Preparado para a Antártica !

De ônibus diretos para a porta do avião, uma bela manhã de sol, lá vamos no nosso confortável “aerolulão”, quase três horas de vôo, com os pés gelados, a caminho da Antártica.
Chegados. À saída do avião, à nossa volta tudo branco! Tudo. Uns leves laivos de rocha aparecendo além e mais além ainda, para nos dar a certeza (?!) de que não tínhamos pousado em cima de nenhum iceberg, e uns poucos telhados de algumas instalações da Base Frei.
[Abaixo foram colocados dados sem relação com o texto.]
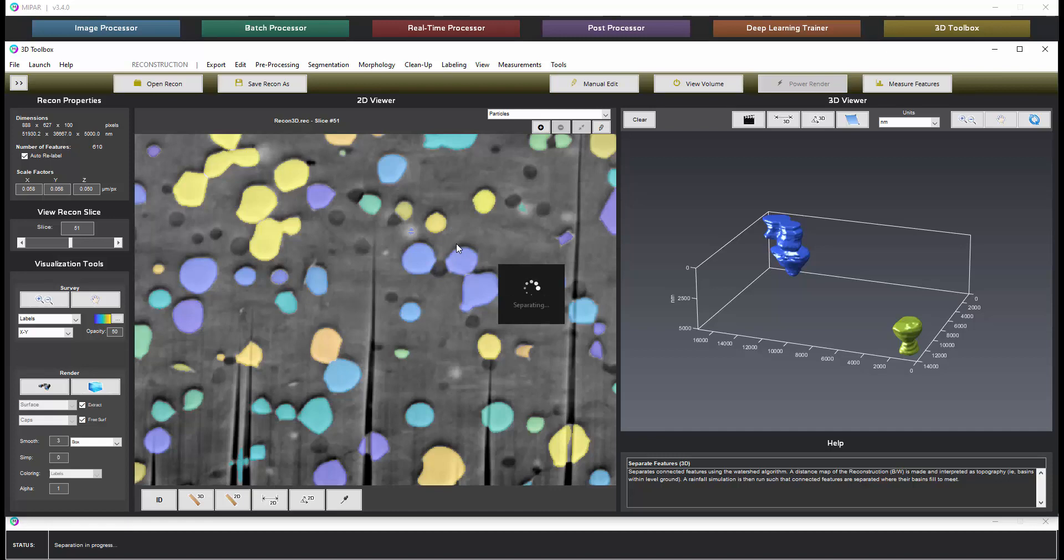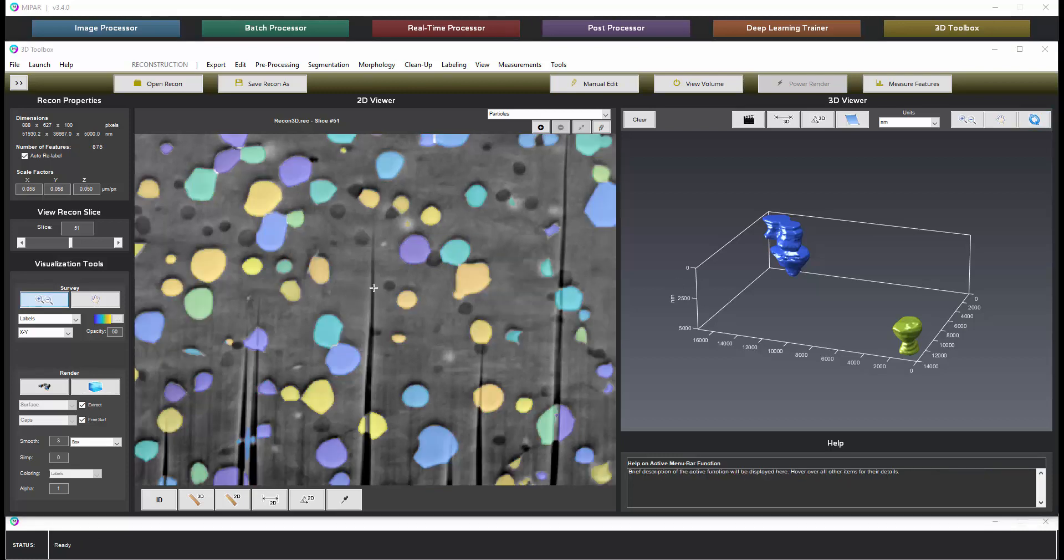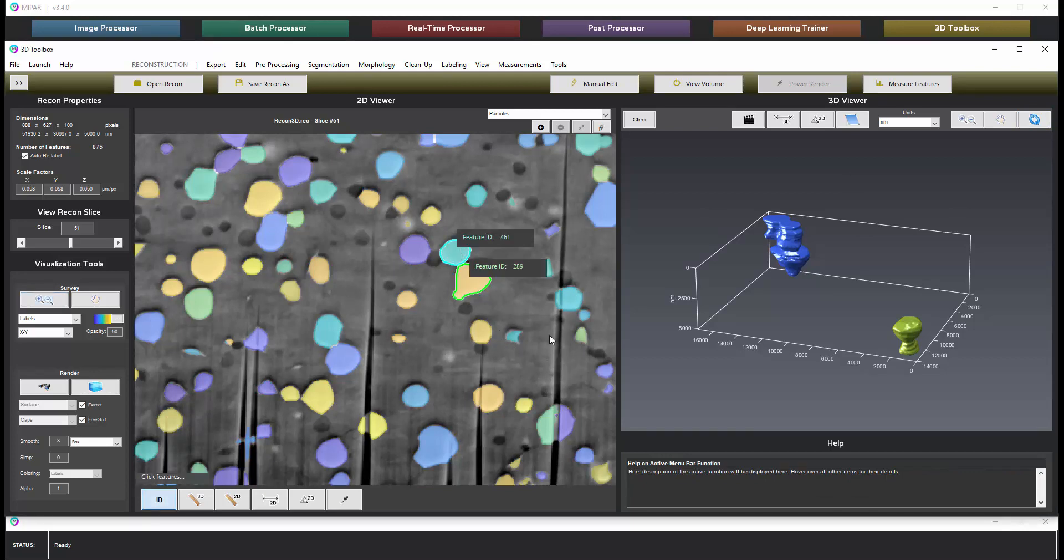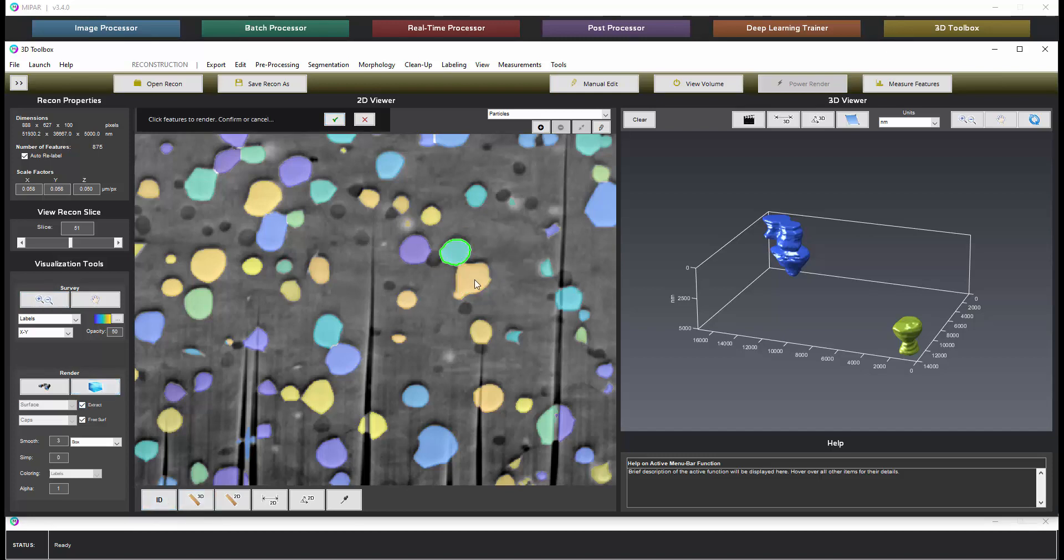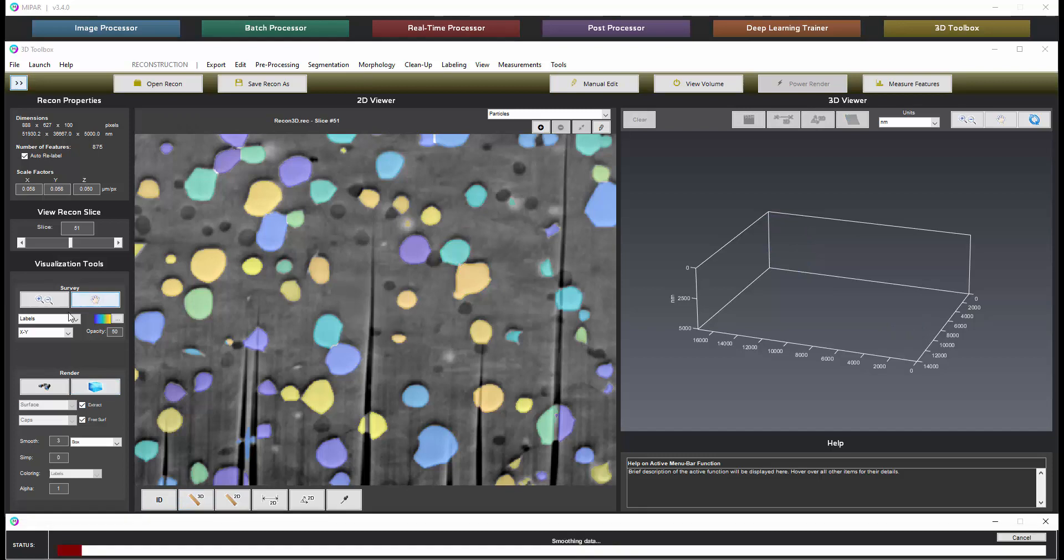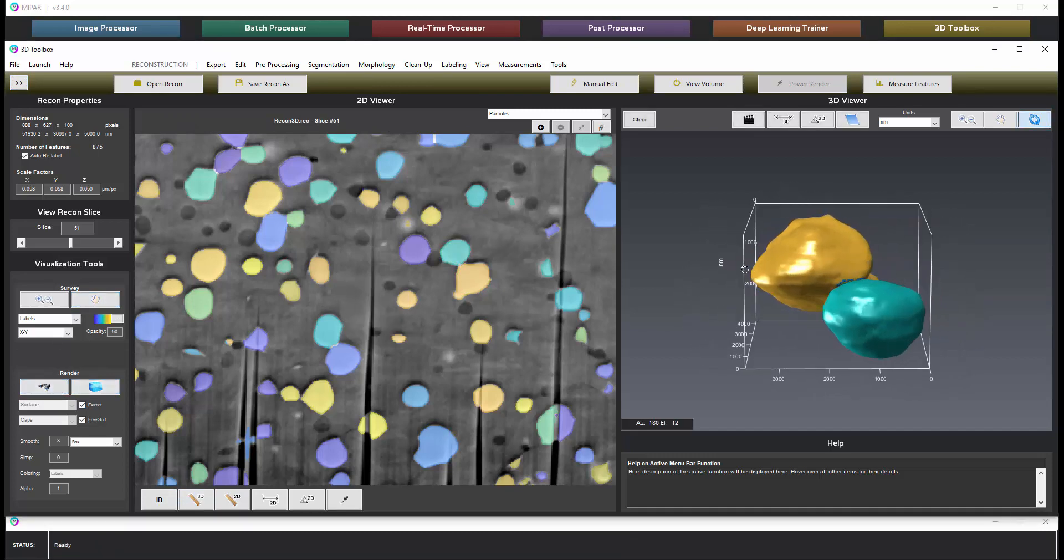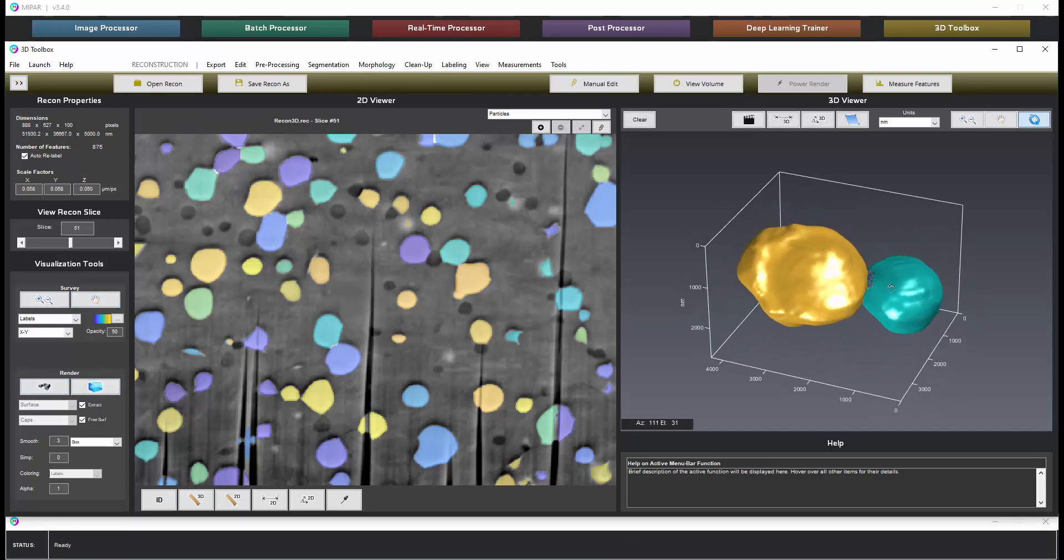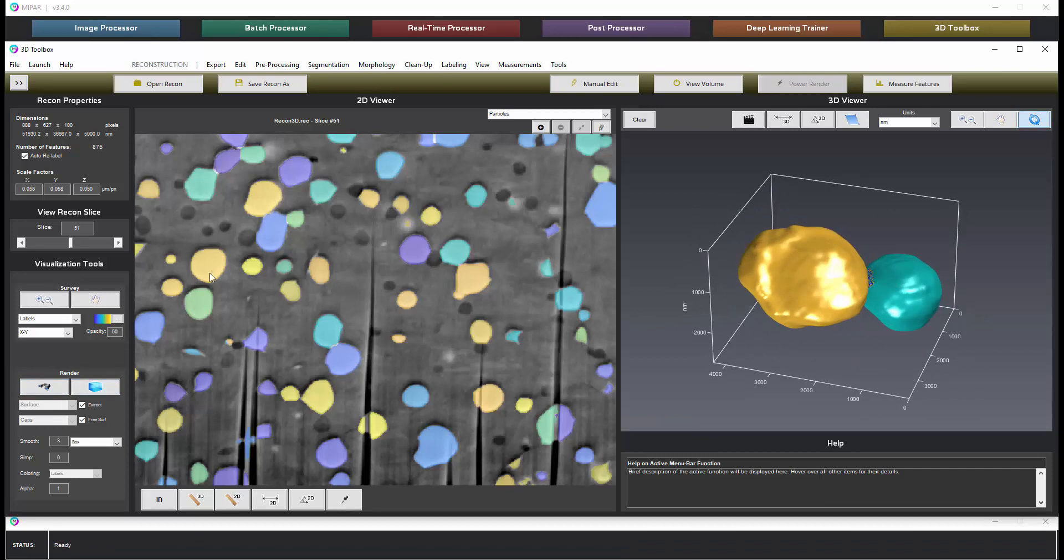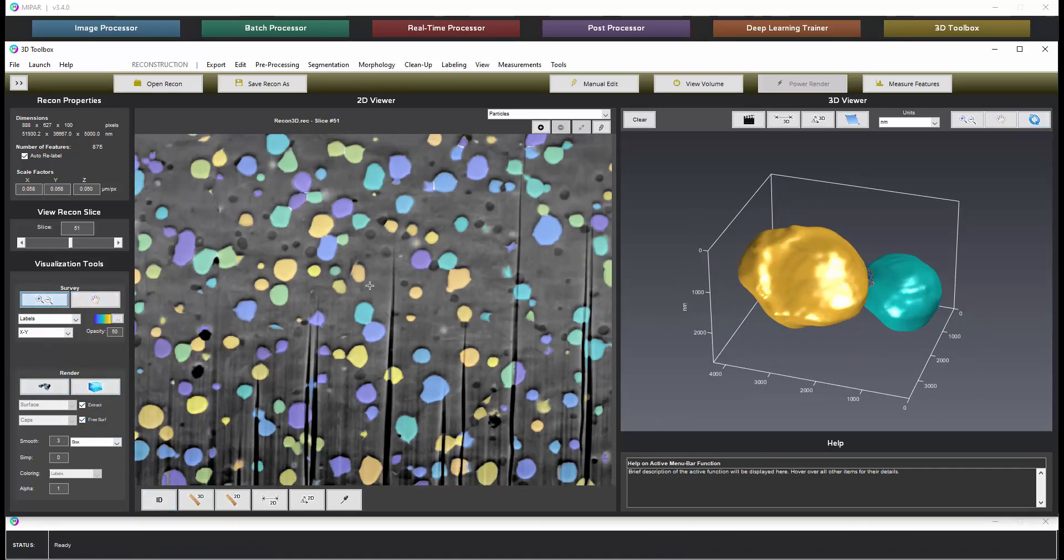This may take a little bit of time depending on the size of your data set and the performance capability of your PC. When it's finished now you'll notice we do have a full separation of the features. So we could visualize just these two.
O "moderno" aeroporto da Base Frei! O totem está cheio de placas indicativas da direção em que se encontram as principais cidades do mundo com ligações à Antártica e suas distâncias

A pista e arredores, tudo coberto de gelo e neve, e os nossos hábeis pilotos fizeram um pouso impecável. Palmas para eles, tanto mais que o comandante era o Ten. Cor. Portugal!




Ali estava o nosso Hércules conservado em gêlo !

Primeira sensação nem foi de beleza ou espanto. Eu, senti-me o Capitão Scott! Apesar de bastante gente à volta, os parceiros da viagem e mais o pessoal da Base, a impressão é de um isolamento feroz! E de êxtase perante tamanha grandeza!

Tudo neve e gelo à nossa volta, uma “agradável” temperatura de -14°C, mas sensação de -500° por causa do ventinho e da neve que intermitentemente teimava em cair.
Recebidos na Base chilena Presidente Frei, por simpáticos oficiais chilenos, num pavilhão que chamam de hotel, mas que não tem acomodações para dormir. Só para receber os que por ali passam. Um cafezinho e... olhe lá!
Esta base chilena, bem com a russa, polonesa e brasileira ficam na Ilha Rei Jorge, pertencente ao arquipélago das Shetlands do Sul.
Um pouco de história: há muito anos começou a briga internacional pela posse do continente antártico. Estas ilhas são reivindicados pelo Reino Unido desde 1908, pelo Chile desde 1940 e pela Argentina desde 1943. Com o Tratado da Antártica, assinado em Washington, 1959, as reivindicações de soberania foram paralisadas, porque todos os países, além dos primeiros, queriam uma fatia do continente gelado. Sobretudo os do hemisfério sul, que argumentavam que seria como que o prolongamento do seu território continental. Depois estabeleceu-se que seria de quem para lá mandasse missões científicas, e, pelo tal Tratado se congelaram disputas territoriais. Na Antártica, enquanto o Tratado for mantido não haverá exploração comercial de espécie alguma, e servirá apenas para pesquisa científica. Hoje são 27 os países que lá têm missões, mas poucos as têm ocupadas o ano inteiro, como o Chile e o Brasil.
O Chile, à espera que um dia aquilo tudo acabe em briga, o que é próprio dos homens, mantém a sua Base “habitada” o ano todo! Aliás cinco bases permanentes, o ano todo, e mais doze no verão, uma delas no paralelo 80°! Os oficiais que para lá vão levam mulheres e filhos, por dois anos, têm escola para as crianças, igreja, e isso poderá servir um dia para aquele papo do “uti possedetis” que já lhes deu o Canal de Beagle! Aliás em 1941 o Presidente chileno Don Pedro Aguirre Cerda, decretou, unilateralmente, a posse de parte da Antártida, compreendida entre os meridianos 53° e 90° W, terminando no Pólo Sul.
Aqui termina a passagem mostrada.